## DATASET EXTRACT
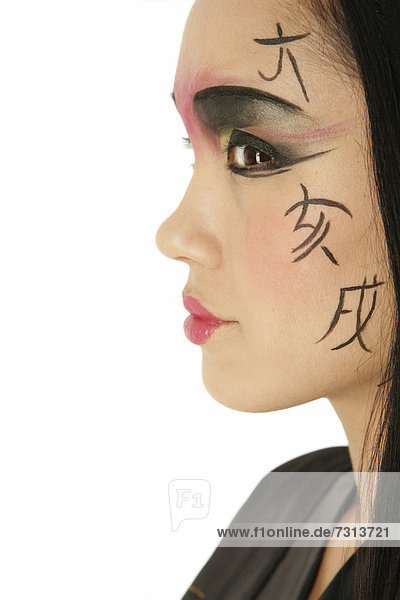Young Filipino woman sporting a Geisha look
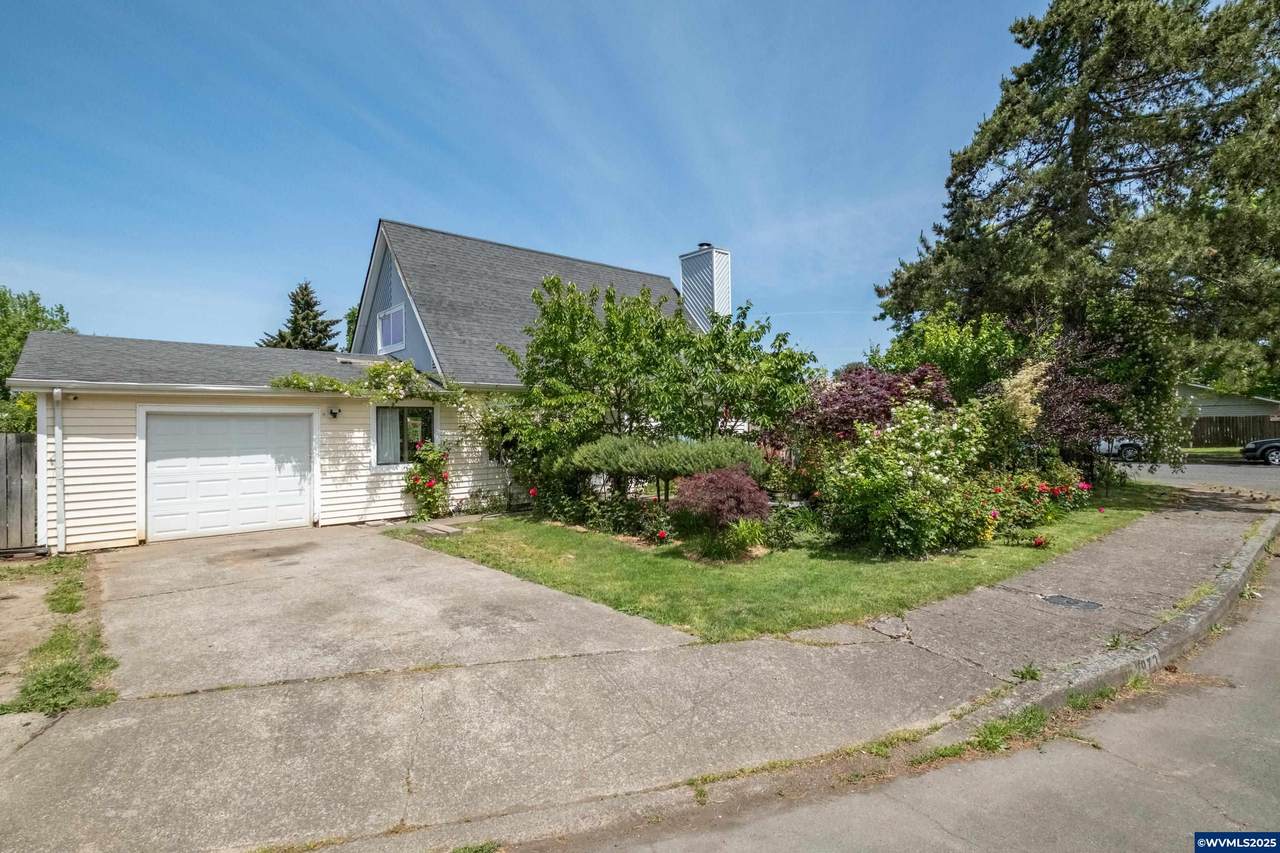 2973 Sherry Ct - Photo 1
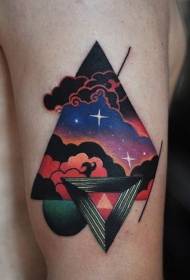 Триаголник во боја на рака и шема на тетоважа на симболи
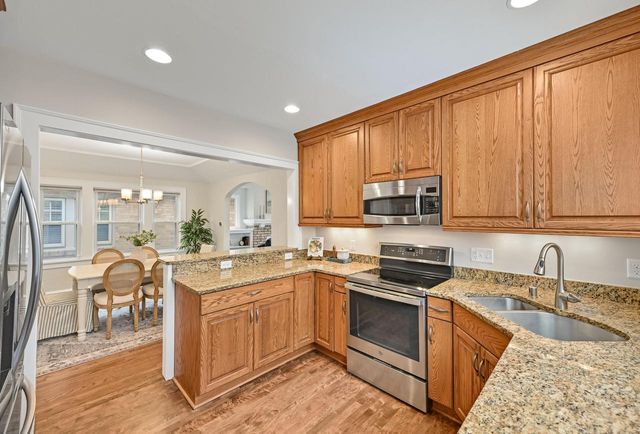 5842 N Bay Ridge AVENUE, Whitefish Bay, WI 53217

## PROBLEM TO WORK ON
The full material above must be output verbatim, minus any pictures.

## REPLY TO THE TASK
Young Filipino woman sporting a Geisha look
 2973 Sherry Ct - Photo 1
 Триаголник во боја на рака и шема на тетоважа на симболи
 5842 N Bay Ridge AVENUE, Whitefish Bay, WI 53217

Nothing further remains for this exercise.